The directions are super easy, but the game is challenging. So, let’s play.

The Setting of the Meditation Game

Anywhere, anytime, while doing anything. Your eyes do not have to be closed, so the sky’s the limit. You can play while cleaning, walking, showering, pooping [seriously, brain?], or just sitting at your desk.

Players

This game teaches you that you are not your mind. Therefore, there are two players: you and your mind.
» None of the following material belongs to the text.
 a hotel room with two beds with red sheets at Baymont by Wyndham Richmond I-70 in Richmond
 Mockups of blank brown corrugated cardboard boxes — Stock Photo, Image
How to Play the Meditation Game

  1. Breathe Deeply: Take a full deep breath in through your nose, allowing the breath to fill your abdomen. Now slowly and fully exhale the air from your mouth.
  2. Count: At the end of the exhale, mentally count to one.
  3. Repeat: Take another full deep breath in through your nose, allowing the breath to fill your abdomen. Again, slowly exhale through your mouth. At the end of the exhale, mentally count to two.
  4. Continue: Repeat these steps, counting each breath at the end of the exhalation cycle.
  5. Restart if Distracted: If your mind distracts you from the inhale, exhale, and count cycle, start over and return the count to one. If you successfully stop a thought within a second and redirect back to your breathing, you do not have to restart the count. However, if the thought that pops into your mind doesn’t get stopped immediately [within one second], then you must restart.
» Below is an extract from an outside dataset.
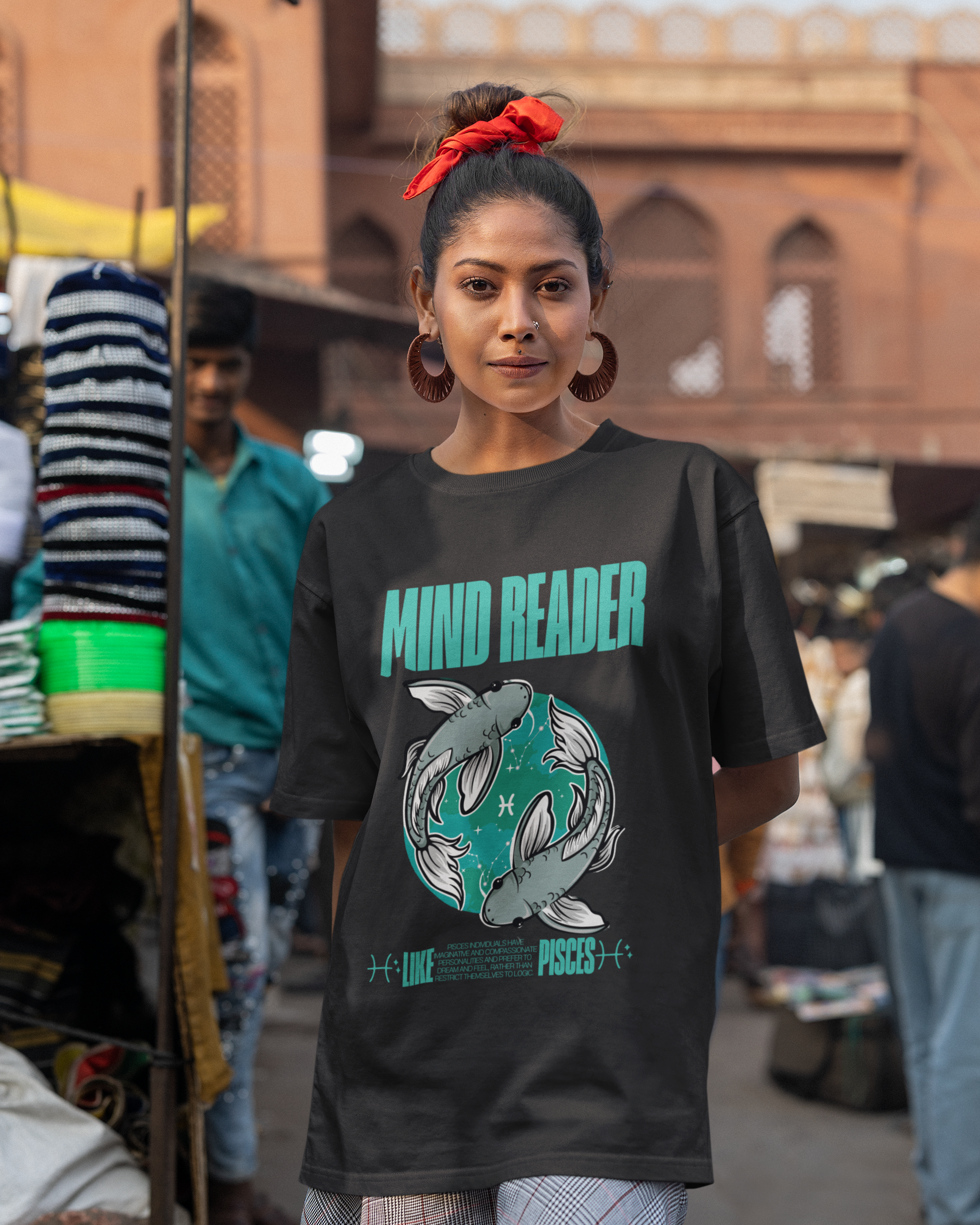 Woman wearing a black t-shirt with 'Mind Reader' graphic in a market setting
Object of the Meditation Game

The object of the game is to continuously beat your own high score while also discovering you are separate from the mind. You sit in the seat of consciousness, not your mind. You have the power to control your thoughts, and this game helps put you back in the driver’s seat of happiness.

The Winner

The winner is always you. Even if your mind is acting like a complete diva, playing the game and getting to the number three before continuously having to restart is better than doing nothing. Add an affirmation before the restart if needed, such as: “I am ready to start over and treat myself better.”

Why Play?

All it takes is one negative thought to downward spiral into multiple negative thoughts, but this game allows you to take control and redirect your mind. This is how you live a happy life.
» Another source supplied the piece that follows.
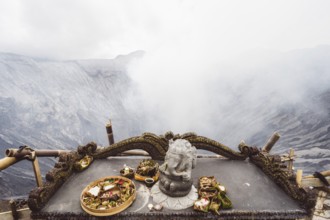 Traditional offerings and a statue on an altar with a misty volcano background, Bromo volcano, Sri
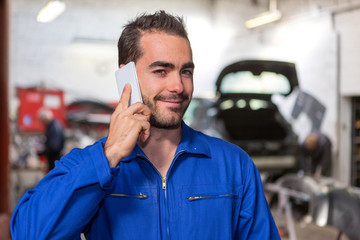 Young attractive mechanic working at the garage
This game benefits your overall well-being. By simply playing, you can reduce anxiety and stress, lower blood pressure, reduce your heart rate, boost happiness, improve your thoughts, and change your life for the better.

Key Benefits of Playing:

  • Reduce Anxiety and Stress: Focusing on your breath helps calm your mind and reduce anxiety.
  • Lower Blood Pressure: Deep, mindful breathing can help lower your blood pressure.
  • Reduce Heart Rate: Calming your mind can also slow your heart rate.
  • Boost Happiness: Redirecting your thoughts to more positive ones can increase your overall happiness.
  • Improve Thought Control: Practicing mindfulness helps you gain better control over your thoughts.
  • Enhance Well-Being: Overall, this practice contributes to better mental and physical health.

Additional Tips:

  • Find Your Optimal Time: Play the game during a time that works best for you. My favorite is during my morning commute.
  • Stay Patient: It’s normal for the mind to wander. The goal is to gently bring it back without frustration.
  • Consistency is Key: The more you play, the better you’ll get at quieting your mind.

Good luck and let the games begin. The Happy Easier Meditation Game is not just a challenge, but a journey towards a calmer, more mindful you. Enjoy the process and watch as your ability to control your thoughts improves, bringing more peace and positivity into your life.